• [ACTIVITY]: Repeat the data below exactly, dropping any pictures it holds.

• [DATASET EXCERPT]:
:::

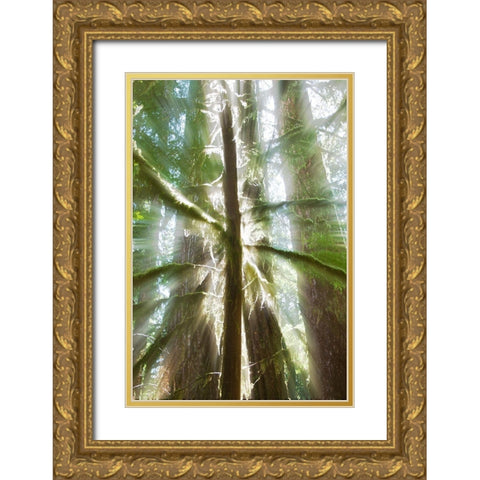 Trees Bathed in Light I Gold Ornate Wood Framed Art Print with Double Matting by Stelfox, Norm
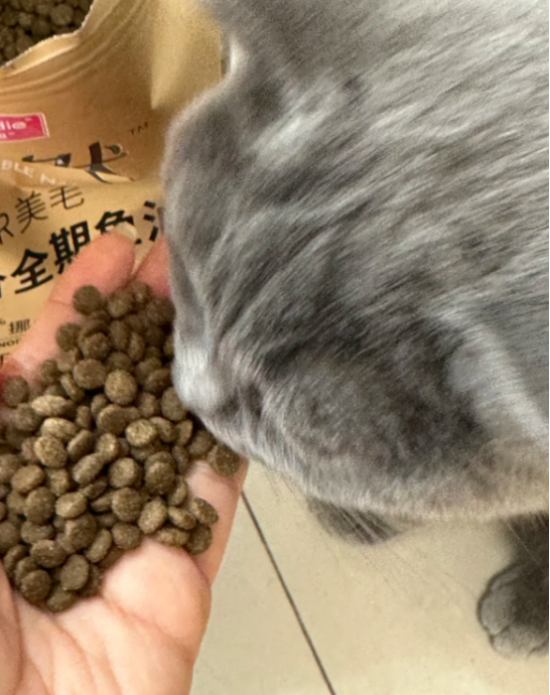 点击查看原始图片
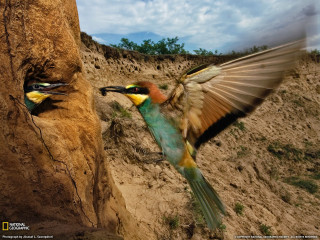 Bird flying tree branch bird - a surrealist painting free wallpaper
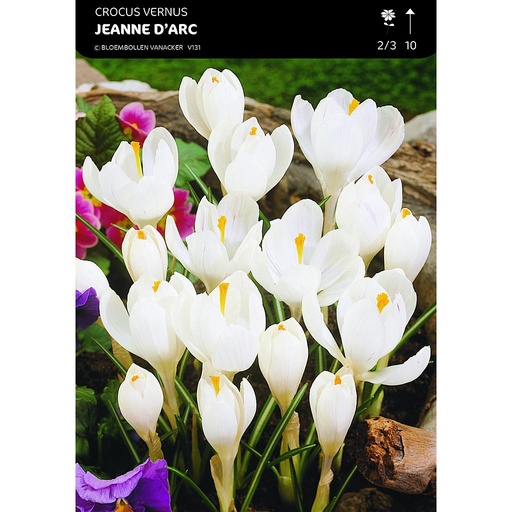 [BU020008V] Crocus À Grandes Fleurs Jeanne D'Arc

:::

• [TASK ANSWER]:
 Trees Bathed in Light I Gold Ornate Wood Framed Art Print with Double Matting by Stelfox, Norm
 点击查看原始图片
 Bird flying tree branch bird - a surrealist painting free wallpaper
 [BU020008V] Crocus À Grandes Fleurs Jeanne D'Arc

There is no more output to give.